Newly produced spermatozoa within the testis do not have fertilizing ability but become fully functional when they mature in the epididymis. The development of the epididymis itself is dependent on testicular factors arriving via luminal flow. Improper signaling between the testis and epididymis is hypothesized to result in male infertility. Kiyozumi et al. identified NELL2 as a testicular luminal protein that binds to its receptor, ROS1, on the luminal epididymis surface and induces epididymal differentiation (see the Perspective by Lord and Oatley). In turn, differentiated epididymis secretes a fertility-essential protease, ovochymase-2, to make spermatozoa fully mature and functional. Thus, testis-epididymis interorgan communication by this “lumicrine” regulation ensures mammalian reproduction.

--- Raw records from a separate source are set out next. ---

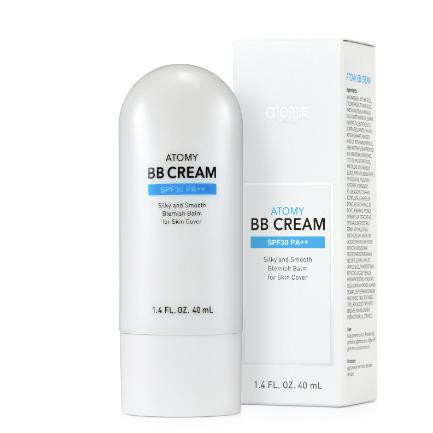 atomy bb cream original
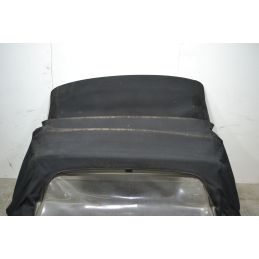 Cappotta tetto apribile Peugeot 306 CC Dal 1992 al 1996  1704901063797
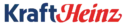Kraft Heinz logo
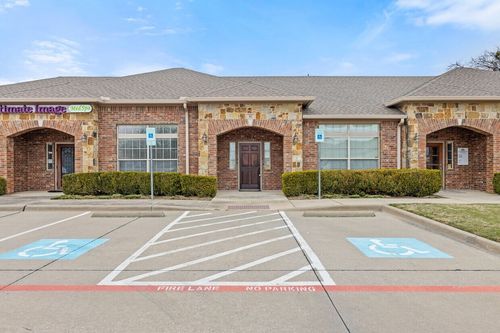 304-2785 Rockbrook Dr, Lewisville, TX, 75067-5251 | Card Image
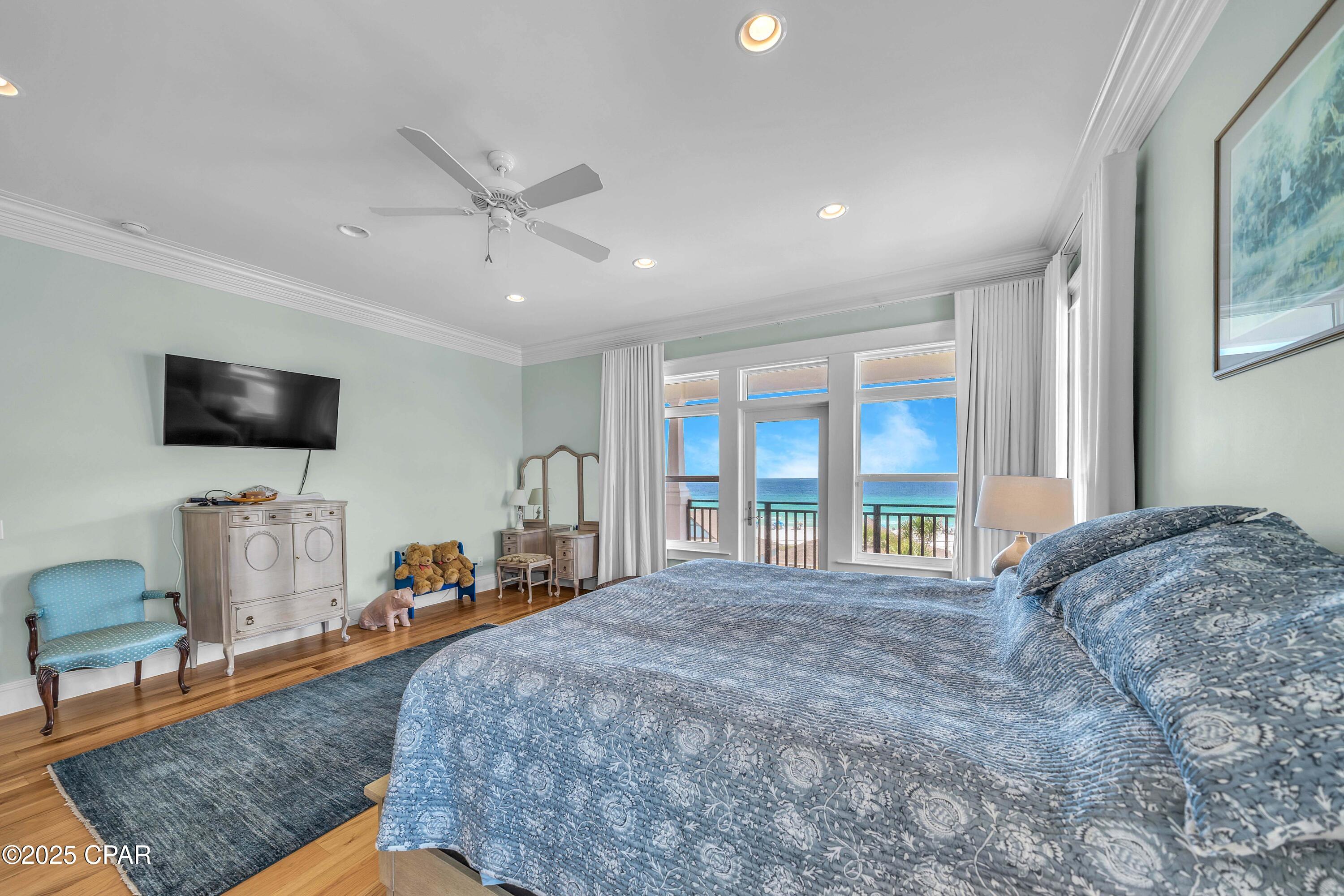 Image 63 For 6620 Gulf Drive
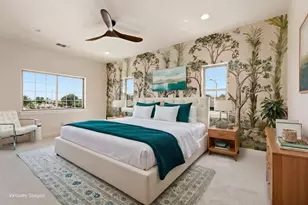 1001 Amore St, Hollister, CA 95023 - Photo 25
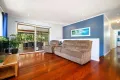 Property photo of 28 Inala Avenue Tugun QLD 4224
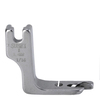 Fdm Düz Makine Etek Kıvırma Ayağı Lot No:1 (1.6mm)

Science, this issue p. 1132; see also p. 1053

Abstract

The lumicrine system is a postulated signaling system in which testis-derived (upstream) secreted factors enter the male reproductive tract to regulate epididymal (downstream) pathways required for sperm maturation. Until now, no lumicrine factors have been identified. We demonstrate that a testicular germ-cell–secreted epidermal growth factor–like protein, neural epidermal growth factor–like–like 2 (NELL2), specifically binds to an orphan receptor tyrosine kinase, c-ros oncogene 1 (ROS1), and mediates the differentiation of the initial segment (IS) of the caput epididymis. Male mice in which Nell2 had been knocked out were infertile. The IS-specific secreted proteases, ovochymase 2 (OVCH2) and A disintegrin and metallopeptidase 28 (ADAM28), were expressed upon IS maturation, and OVCH2 was required for processing of the sperm surface protein ADAM3, which is required for sperm fertilizing ability. This work identifies a lumicrine system essential for testis-epididymis-spermatozoa (NELL2-ROS1-OVCH2-ADAM3) signaling and male fertility.